Problem description
Please repeat, unchanged, the lines at the top of the listing below, ending with the one that has "Pipette Bottle 10ml.".

Study material
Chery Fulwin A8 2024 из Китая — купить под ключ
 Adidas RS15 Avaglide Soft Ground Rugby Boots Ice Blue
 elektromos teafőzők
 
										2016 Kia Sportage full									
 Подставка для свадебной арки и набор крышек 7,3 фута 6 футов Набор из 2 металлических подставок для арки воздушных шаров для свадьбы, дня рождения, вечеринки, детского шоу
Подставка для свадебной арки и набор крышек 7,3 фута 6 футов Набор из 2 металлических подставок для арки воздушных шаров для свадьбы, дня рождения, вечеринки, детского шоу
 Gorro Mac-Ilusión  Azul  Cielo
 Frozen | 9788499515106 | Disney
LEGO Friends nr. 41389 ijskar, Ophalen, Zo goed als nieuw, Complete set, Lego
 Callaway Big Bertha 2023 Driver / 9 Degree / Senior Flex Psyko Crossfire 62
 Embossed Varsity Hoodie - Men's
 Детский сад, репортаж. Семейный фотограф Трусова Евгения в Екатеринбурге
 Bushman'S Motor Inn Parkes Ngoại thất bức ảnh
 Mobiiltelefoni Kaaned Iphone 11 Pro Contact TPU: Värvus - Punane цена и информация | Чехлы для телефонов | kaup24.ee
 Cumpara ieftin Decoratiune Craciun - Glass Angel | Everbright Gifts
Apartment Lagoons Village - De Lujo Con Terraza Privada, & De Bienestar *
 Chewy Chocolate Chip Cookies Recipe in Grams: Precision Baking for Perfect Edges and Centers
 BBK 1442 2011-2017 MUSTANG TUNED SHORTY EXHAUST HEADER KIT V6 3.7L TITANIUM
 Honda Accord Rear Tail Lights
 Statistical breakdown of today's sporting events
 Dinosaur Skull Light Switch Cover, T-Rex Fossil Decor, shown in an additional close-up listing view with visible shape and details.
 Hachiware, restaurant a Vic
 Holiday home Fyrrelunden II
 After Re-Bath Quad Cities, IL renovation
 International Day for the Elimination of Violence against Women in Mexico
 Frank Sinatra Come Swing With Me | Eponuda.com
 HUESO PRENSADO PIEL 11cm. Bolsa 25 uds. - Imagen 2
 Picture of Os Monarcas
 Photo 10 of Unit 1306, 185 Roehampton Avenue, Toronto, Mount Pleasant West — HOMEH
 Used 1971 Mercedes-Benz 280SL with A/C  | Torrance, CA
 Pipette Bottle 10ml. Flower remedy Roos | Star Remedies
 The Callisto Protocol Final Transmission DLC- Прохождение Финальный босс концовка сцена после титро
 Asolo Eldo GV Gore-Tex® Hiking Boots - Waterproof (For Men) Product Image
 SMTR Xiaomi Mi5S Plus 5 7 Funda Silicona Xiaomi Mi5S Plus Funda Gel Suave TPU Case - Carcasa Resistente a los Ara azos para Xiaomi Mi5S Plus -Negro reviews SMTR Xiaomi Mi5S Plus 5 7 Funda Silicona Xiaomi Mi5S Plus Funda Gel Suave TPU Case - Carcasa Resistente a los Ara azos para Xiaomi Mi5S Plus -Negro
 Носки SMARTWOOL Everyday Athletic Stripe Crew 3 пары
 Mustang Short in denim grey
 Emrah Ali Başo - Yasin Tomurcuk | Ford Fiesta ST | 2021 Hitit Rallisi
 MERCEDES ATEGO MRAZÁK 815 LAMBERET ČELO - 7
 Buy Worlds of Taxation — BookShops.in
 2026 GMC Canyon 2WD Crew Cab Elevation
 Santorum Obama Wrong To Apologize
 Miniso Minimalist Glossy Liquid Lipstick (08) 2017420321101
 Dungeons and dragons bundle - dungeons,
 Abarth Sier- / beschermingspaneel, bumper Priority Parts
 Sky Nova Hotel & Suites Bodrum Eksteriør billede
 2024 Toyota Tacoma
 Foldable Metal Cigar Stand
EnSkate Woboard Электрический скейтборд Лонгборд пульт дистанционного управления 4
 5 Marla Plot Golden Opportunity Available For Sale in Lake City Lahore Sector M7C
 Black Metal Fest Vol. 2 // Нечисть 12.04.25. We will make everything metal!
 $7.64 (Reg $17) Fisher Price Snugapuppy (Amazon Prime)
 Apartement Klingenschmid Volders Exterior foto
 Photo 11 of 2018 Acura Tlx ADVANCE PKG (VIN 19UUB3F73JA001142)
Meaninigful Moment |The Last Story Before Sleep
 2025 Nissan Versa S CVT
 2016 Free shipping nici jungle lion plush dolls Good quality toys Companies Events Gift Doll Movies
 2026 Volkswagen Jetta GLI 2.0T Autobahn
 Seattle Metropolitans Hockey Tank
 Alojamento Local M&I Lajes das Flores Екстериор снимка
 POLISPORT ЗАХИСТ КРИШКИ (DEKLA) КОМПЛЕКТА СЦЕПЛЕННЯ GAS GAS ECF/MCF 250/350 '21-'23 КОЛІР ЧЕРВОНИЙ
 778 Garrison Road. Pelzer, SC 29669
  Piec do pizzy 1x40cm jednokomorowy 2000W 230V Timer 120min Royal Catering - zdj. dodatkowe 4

Reply to the exercise
Chery Fulwin A8 2024 из Китая — купить под ключ
 Adidas RS15 Avaglide Soft Ground Rugby Boots Ice Blue
 elektromos teafőzők
 
										2016 Kia Sportage full									
 Подставка для свадебной арки и набор крышек 7,3 фута 6 футов Набор из 2 металлических подставок для арки воздушных шаров для свадьбы, дня рождения, вечеринки, детского шоу
Подставка для свадебной арки и набор крышек 7,3 фута 6 футов Набор из 2 металлических подставок для арки воздушных шаров для свадьбы, дня рождения, вечеринки, детского шоу
 Gorro Mac-Ilusión  Azul  Cielo
 Frozen | 9788499515106 | Disney
LEGO Friends nr. 41389 ijskar, Ophalen, Zo goed als nieuw, Complete set, Lego
 Callaway Big Bertha 2023 Driver / 9 Degree / Senior Flex Psyko Crossfire 62
 Embossed Varsity Hoodie - Men's
 Детский сад, репортаж. Семейный фотограф Трусова Евгения в Екатеринбурге
 Bushman'S Motor Inn Parkes Ngoại thất bức ảnh
 Mobiiltelefoni Kaaned Iphone 11 Pro Contact TPU: Värvus - Punane цена и информация | Чехлы для телефонов | kaup24.ee
 Cumpara ieftin Decoratiune Craciun - Glass Angel | Everbright Gifts
Apartment Lagoons Village - De Lujo Con Terraza Privada, & De Bienestar *
 Chewy Chocolate Chip Cookies Recipe in Grams: Precision Baking for Perfect Edges and Centers
 BBK 1442 2011-2017 MUSTANG TUNED SHORTY EXHAUST HEADER KIT V6 3.7L TITANIUM
 Honda Accord Rear Tail Lights
 Statistical breakdown of today's sporting events
 Dinosaur Skull Light Switch Cover, T-Rex Fossil Decor, shown in an additional close-up listing view with visible shape and details.
 Hachiware, restaurant a Vic
 Holiday home Fyrrelunden II
 After Re-Bath Quad Cities, IL renovation
 International Day for the Elimination of Violence against Women in Mexico
 Frank Sinatra Come Swing With Me | Eponuda.com
 HUESO PRENSADO PIEL 11cm. Bolsa 25 uds. - Imagen 2
 Picture of Os Monarcas
 Photo 10 of Unit 1306, 185 Roehampton Avenue, Toronto, Mount Pleasant West — HOMEH
 Used 1971 Mercedes-Benz 280SL with A/C  | Torrance, CA
 Pipette Bottle 10ml. Flower remedy Roos | Star Remedies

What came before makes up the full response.